*** Given data Section Begins ***

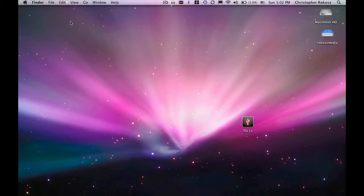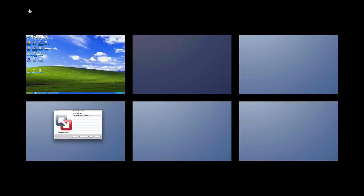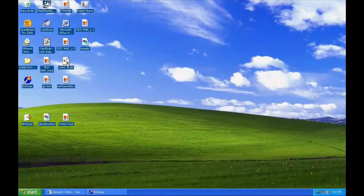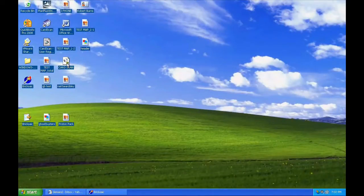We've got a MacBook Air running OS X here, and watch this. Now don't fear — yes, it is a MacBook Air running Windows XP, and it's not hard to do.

*** Given data Section Ends ***
*** Given data Section Begins ***

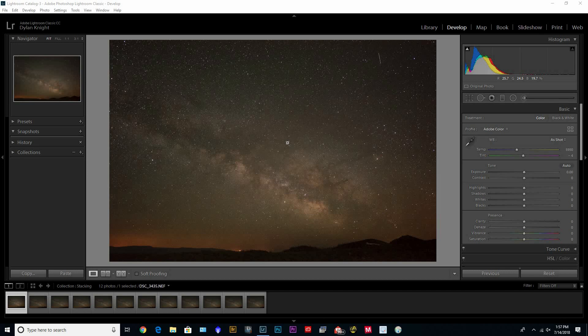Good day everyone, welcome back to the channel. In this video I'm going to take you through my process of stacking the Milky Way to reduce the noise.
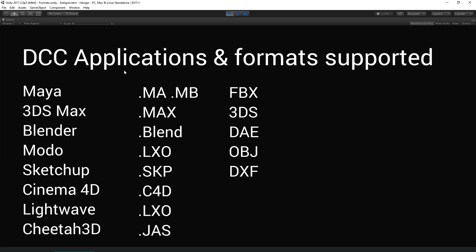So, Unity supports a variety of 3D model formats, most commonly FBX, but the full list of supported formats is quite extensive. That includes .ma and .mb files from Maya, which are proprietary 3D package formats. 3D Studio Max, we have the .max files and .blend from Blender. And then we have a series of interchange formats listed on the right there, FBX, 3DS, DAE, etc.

*** Given data Section Ends ***
*** Given data Section Begins ***

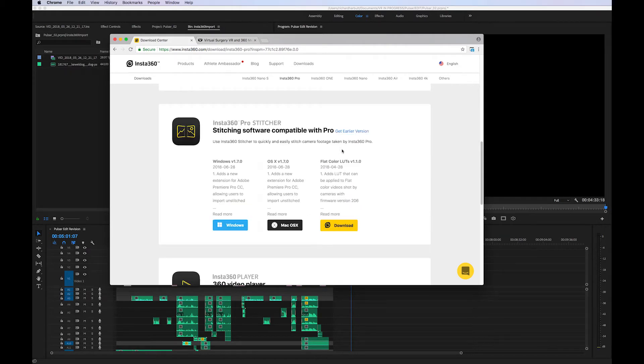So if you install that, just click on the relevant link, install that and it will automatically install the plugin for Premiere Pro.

*** Given data Section Ends ***

*Required action*. Above, find the line holding "Good day everyone, welcome" and the line holding "So, Unity supports". Print exactly those two lines and every line between them, but no pictures.

*Response box*.
Good day everyone, welcome back to the channel. In this video I'm going to take you through my process of stacking the Milky Way to reduce the noise.
So, Unity supports a variety of 3D model formats, most commonly FBX, but the full list of supported formats is quite extensive. That includes .ma and .mb files from Maya, which are proprietary 3D package formats. 3D Studio Max, we have the .max files and .blend from Blender. And then we have a series of interchange formats listed on the right there, FBX, 3DS, DAE, etc.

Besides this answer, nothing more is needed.